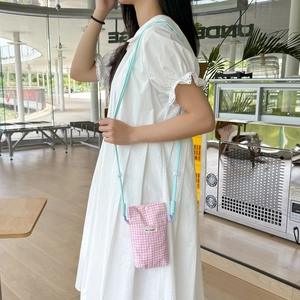 Detailed side view of pink checkered phone bag with adjustable blue rope strap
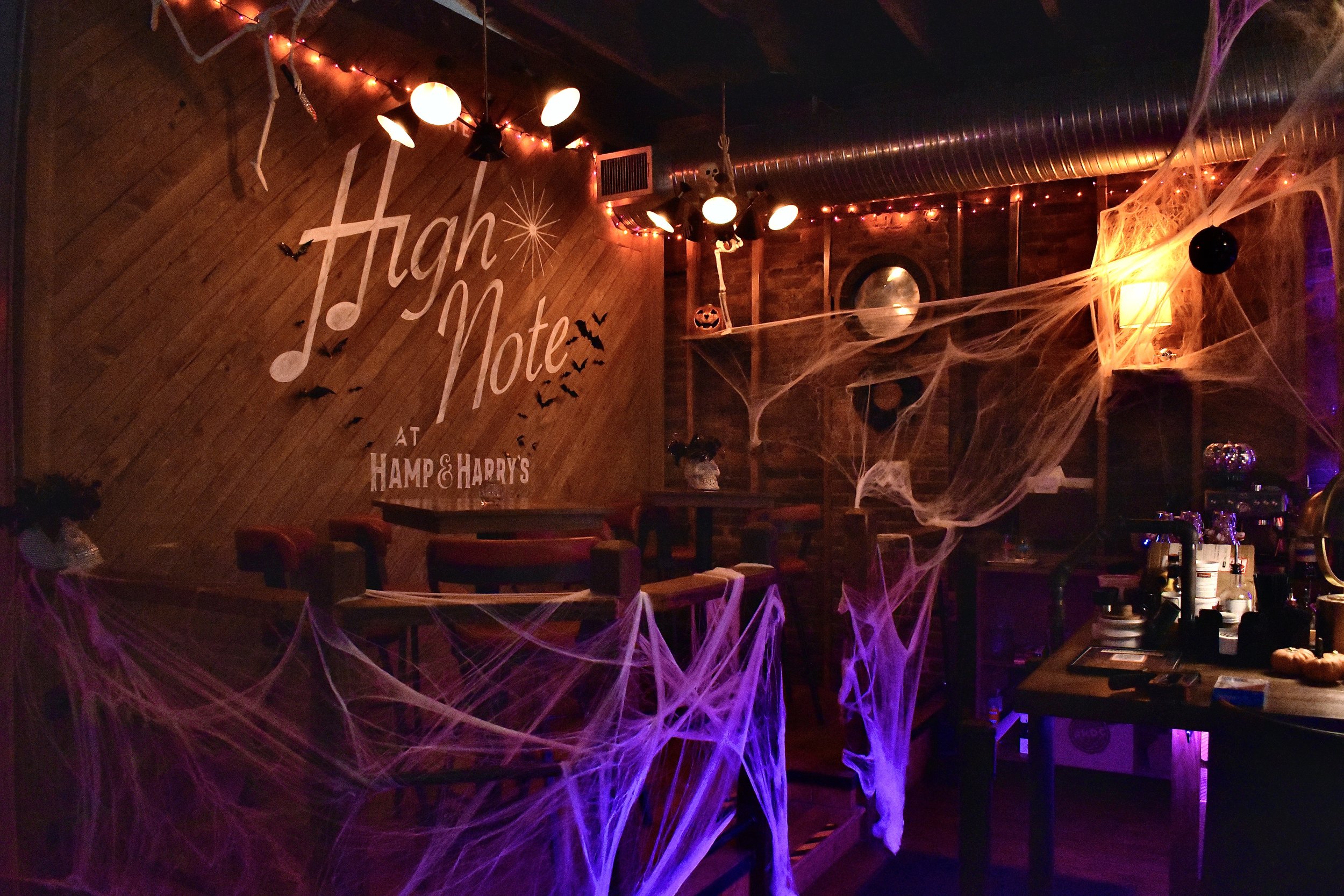 The interior of a bar or restaurant decorated for Halloween with cobwebs, spider decorations, orange and purple lighting, and a wooden wall with a sign that says 'High Note' and 'at Hamp & Harry's'.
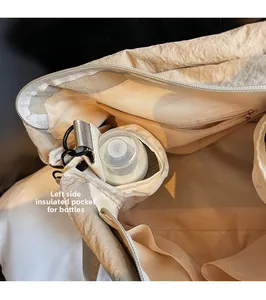Detail view of the insulated side pocket for baby bottles inside the beige tote bag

━━━━━━━━━━━━━━━━

• What the exercise asks
Please restate the material word for word; the pictures stay out.

• Completed task
 Detailed side view of pink checkered phone bag with adjustable blue rope strap
 The interior of a bar or restaurant decorated for Halloween with cobwebs, spider decorations, orange and purple lighting, and a wooden wall with a sign that says 'High Note' and 'at Hamp & Harry's'.
Detail view of the insulated side pocket for baby bottles inside the beige tote bag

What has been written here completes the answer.